Recently, I’ve been working on detecting duplicate or near duplicate documents. One of the visible group of users of duplicate detection are search engines.

The core technique for detecting duplicates is straightforward:

Represent documents as vectors
Compute the distances between all pairs of vectors
Return those document pairs whose vectors had distances less than some threshold

The devil is in the details, as usual. How you preprocess the documents’ text and vectorize the documents can significantly impact accuracy. I’m using the same data set and approach I discussed in my talk at Spark Summit East 2016.

From a performance perspective, most applications use hashing techniques such as simhash, which can avoid all-pairs calculations.
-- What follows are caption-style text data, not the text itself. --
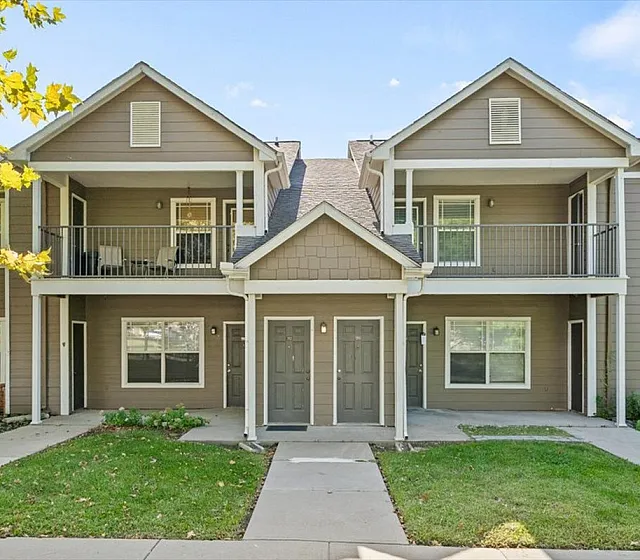 Charming two-story apartment building with private balconies and well-maintained green lawns, perfect for serene living.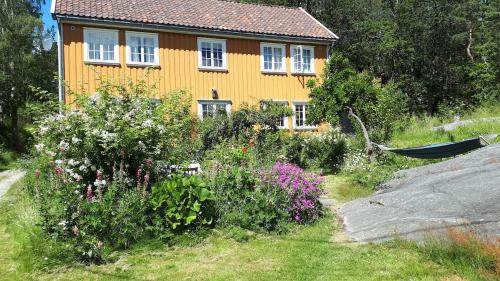 Large house with sea arch, beach and jetty in Høvåg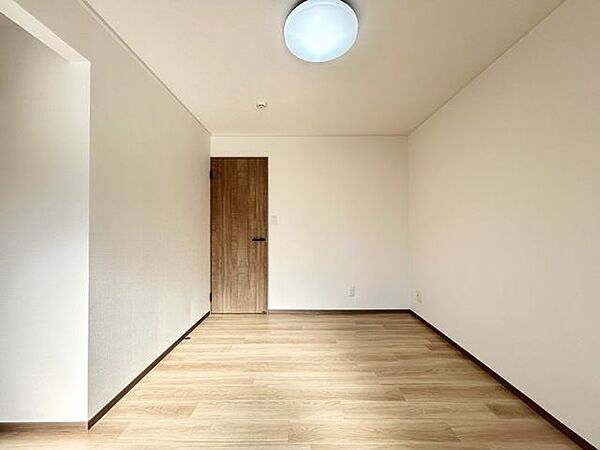 【洋室】リフォームでは、壁と床の貼替え、ドアと照明の交換を行いました。落ち着いた内装で、寝室に適した空間となっております。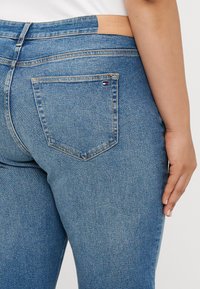 Μπλε τζιν παντελόνι με κοντινή λήψη που δείχνει μια πίσω τσέπη και δερμάτινη ετικέτα. Έχει ελαφριά φθορά και δομημένη εφαρμογή.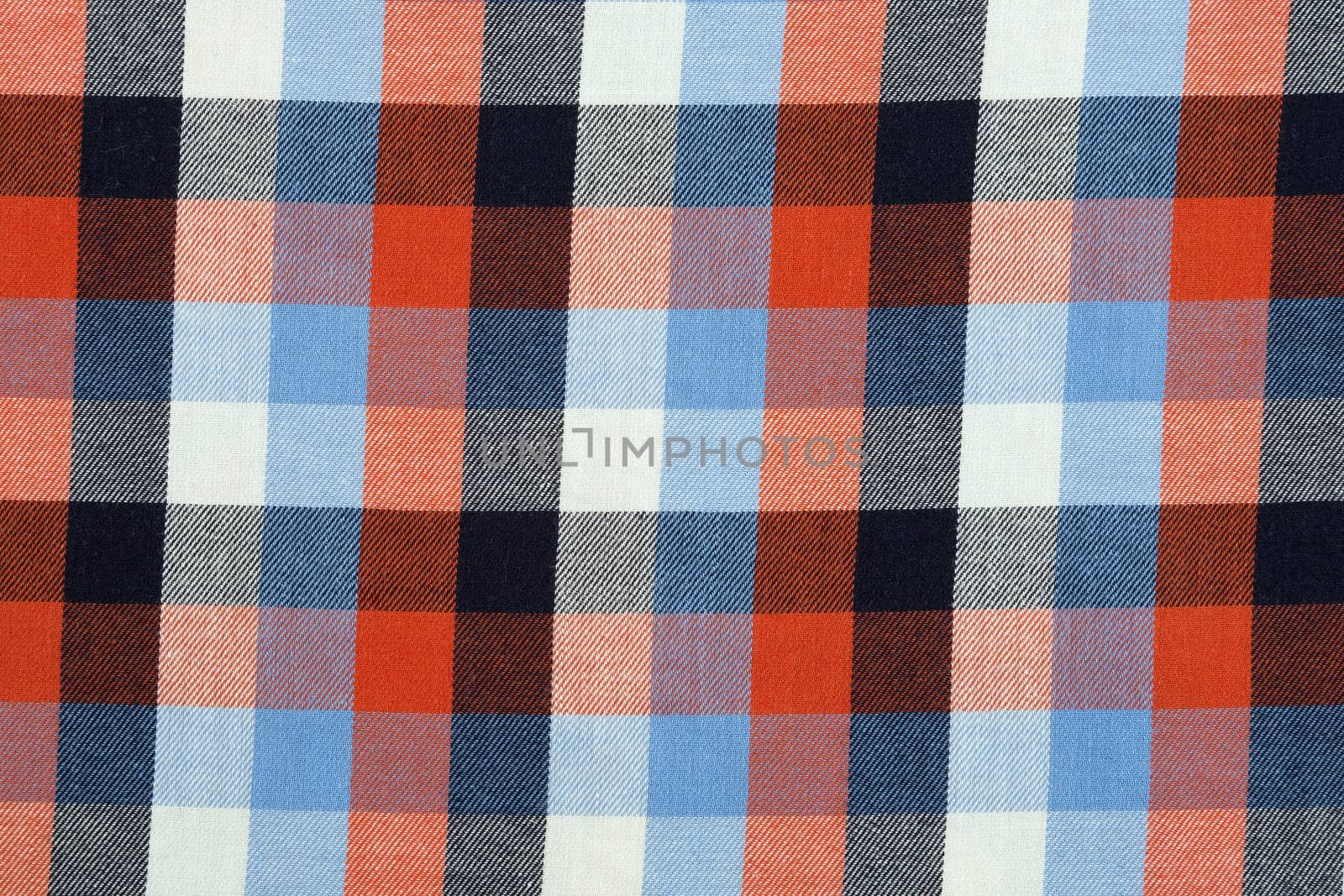 Material in a colorful plaid, a textile background.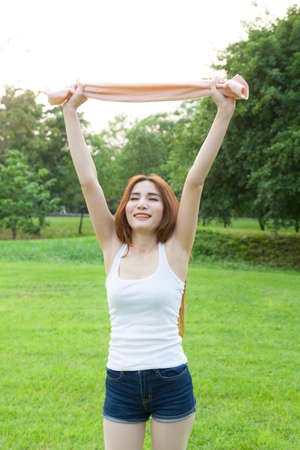 Woman warming up before exercise. on grass Within the park in the eveningの写真素材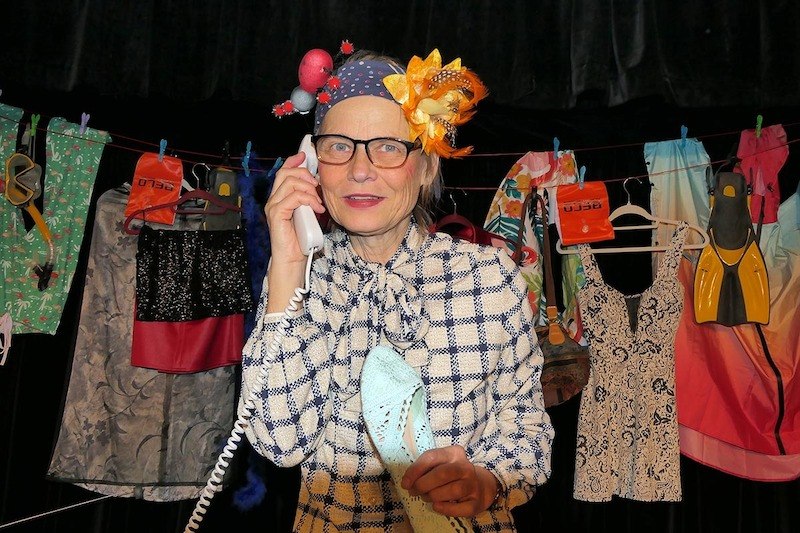 Eine Frau mit einem auff&auml;lligen Blumenhut telefoniert. Im Hintergrund h&auml;ngt eine W&auml;scheleine mit bunten Kleidungsst&uuml;cken und Taucherzubeh&ouml;r., &copy; Galli Theater Backnang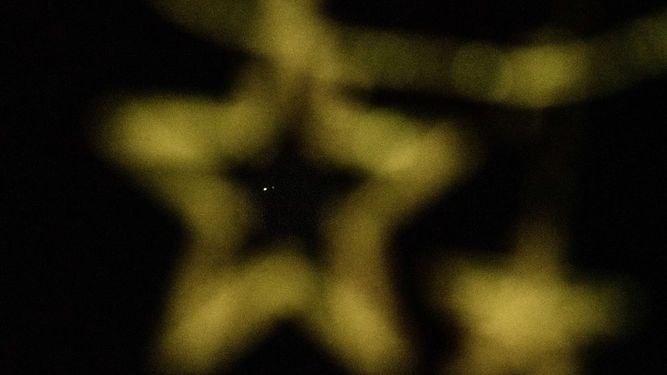 Una gran conjunción de los planetas Júpiter (Izquierda) y Saturno que se produce después de casi 400 años se ve detrás de las decoraciones navideñas en el cielo nocturno sobre la isla de Koh Lipe el 21 de diciembre de 2020.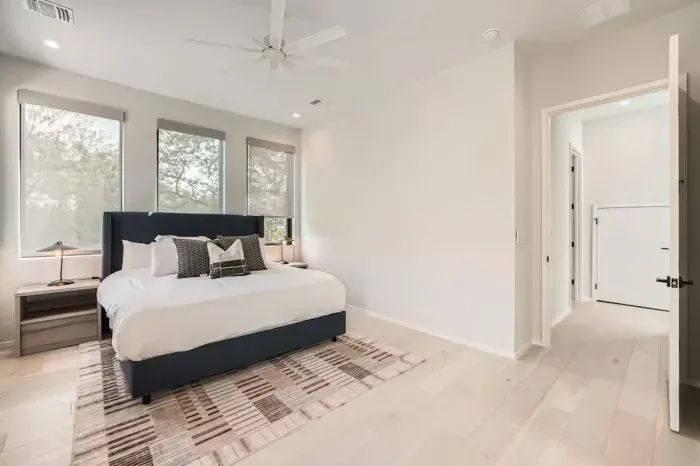 A king-size bed, high-end linens, and elegant decor make this room a luxurious retreat for relaxation.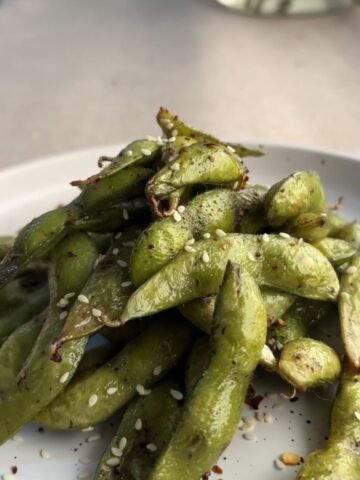 Air fried edamame pods with chili flakes served in a white bowl.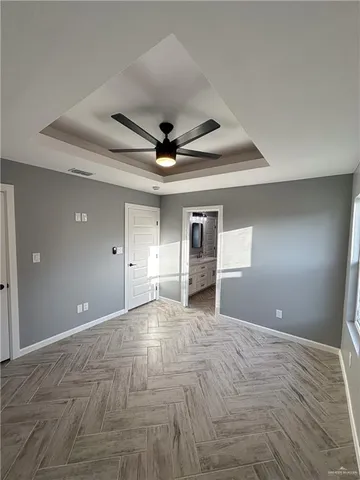 a house view with a backyard space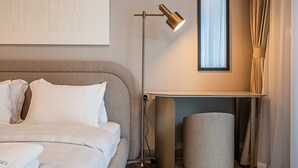 Une chambre d’hôtel moderne, équipée d’un lit, d’un lampadaire, d’une petite table et d’une fenêtre avec des rideaux.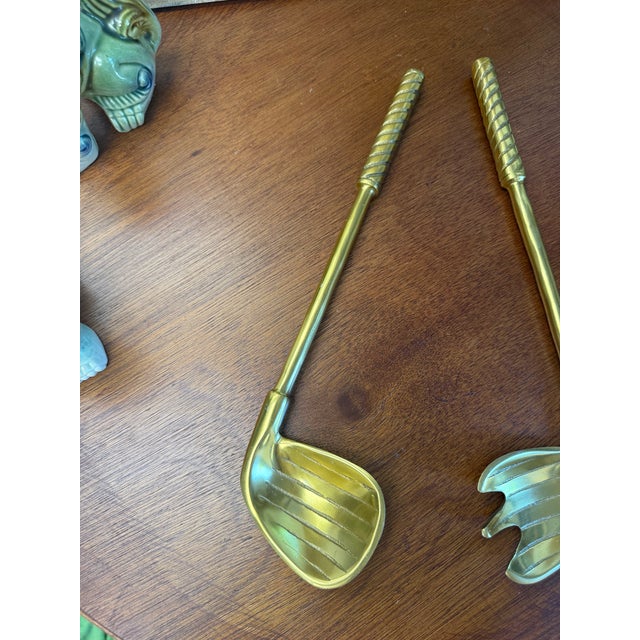 It’s not too late to send your father a gift for Father’s Day. Or just for the avid golfer, here is a set of brass golf...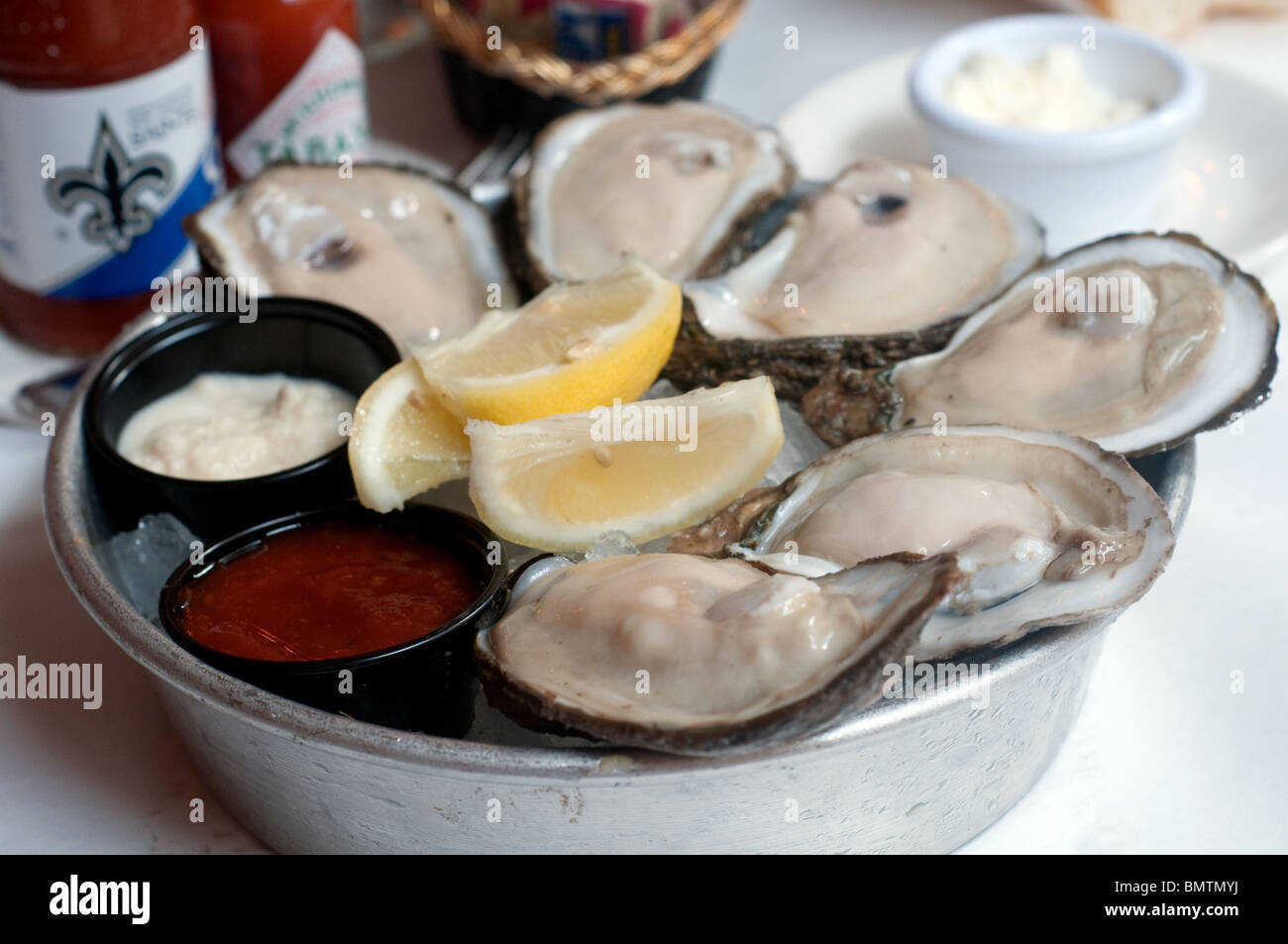 A serving of half a dozen fresh oysters from Dickie Brennan's Bourbon House, a famous restaurant in New Orleans, Louisiana, United States. Stock Photo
I wanted to gain a better understanding of the trade offs between how vectors are weighted, the choices of distance functions, and the resulting distribution of distances, so I chose to not to use hash functions for now.

Thankfully, all-pairs calculations are pleasantly parallel. I was able to accelerate my implementation easily with Apache Spark.

Along the way, I learned a few lessons which may be useful to others:

Distances between similar but not duplicate documents are larger with normalized binary occurrence vectors than term frequency-inverse document frequency vectors. Whereas the topic modeling work emphasized grouping documents with some similarities, we want to be restrict our predictions to documents that are guaranteed to be similar. Binary occurrence vectors are a better choice here.
Un-cached RDDs kill the performance of RDD.cartesian(...). The Cartesian product of an RDD with itself uses the RDD twice, causing the RDD to be calculated multiple times. By caching my RDD before computing the Cartesian product, I reduced my jobs’ run time from 2.5 hours to just 10 minutes!
It can be more efficient to use collect then sort than to use RDD.sortBy(...) followed by a collect. In my case, I’m returning tens or hundreds of thousands of pairs of document labels and distances. These pairs can easily fit into memory and be sorted quickly on the master. The RDD.sortBy(...) method required an extra stage of computation and shuffling.
When using RDD.cartesian(...) on an RDD with itself, you’ll get 2 pairs for each pair of documents, including pairs of documents with themselves. You’ll need to follow the RDD.cartesian(...) operation with an RDD.filter() operation to restrict the resulting pairs.